Что же, значит, это прозябание будет длиться вечно? Значит, оно безысходно? А чем она хуже всех этих счастливиц? В Вобьесаре она нагляделась на герцогинь – фигуры у многих были грузнее, манеры вульгарнее, чем у нее, и ее возмущала несправедливость провидения; она прижималась головой к стене и плакала; она тосковала по шумной жизни, по ночным маскарадам, по предосудительным наслаждениям, по тому еще не испытанному ею исступлению, в которое они, наверное, приводят.
Она побледнела, у нее начались сердцебиения. Шарль прописал ей валерьяновые капли и камфарные ванны. Но все это как будто еще больше ее раздражало.

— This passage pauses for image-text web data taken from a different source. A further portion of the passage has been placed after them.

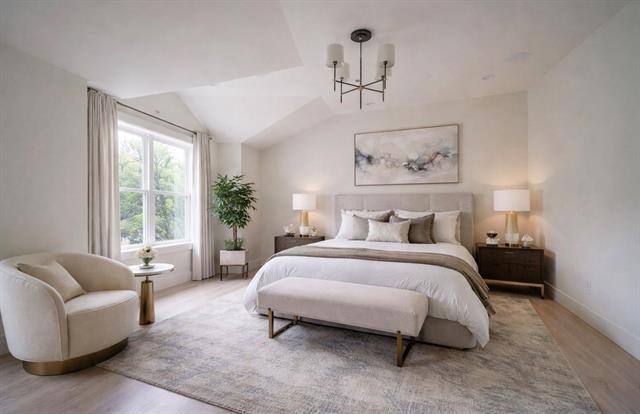 Building Photo - 4505 Emerson Ave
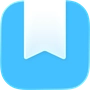 Day One icon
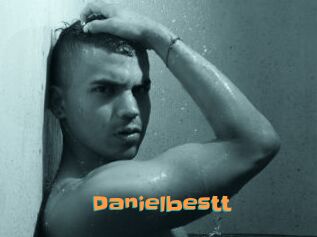 Danielbestt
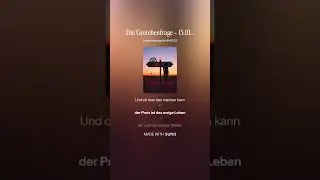 52 2 Die Gretchenfrage   15 10 2000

Бывали дни, когда на нее нападала неестественная говорливость; потом вдруг эта взвинченность сменялась отупением – она могла часами молчать и не двигаться с места. Она выливала себе на руки целый флакон одеколона – только это несколько оживляло ее.
Так как она постоянно бранила Тост, Шарль предположил, что все дело в здешнем климате, и, утвердившись в этой мысли, стал серьезно подумывать, нельзя ли перебраться в другие края.
Тогда Эмма начала пить уксус, чтобы похудеть, у нее появился сухой кашель, аппетит она потеряла окончательно.
Шарлю нелегко было расстаться с Тостом, – ведь он прожил здесь несколько лет и только-только начал «оперяться». Но ничего не поделаешь! Он повез жену в Руан и показал своему бывшему профессору. Оказалось, что у нее не в порядке нервы, – требовалось переменить обстановку.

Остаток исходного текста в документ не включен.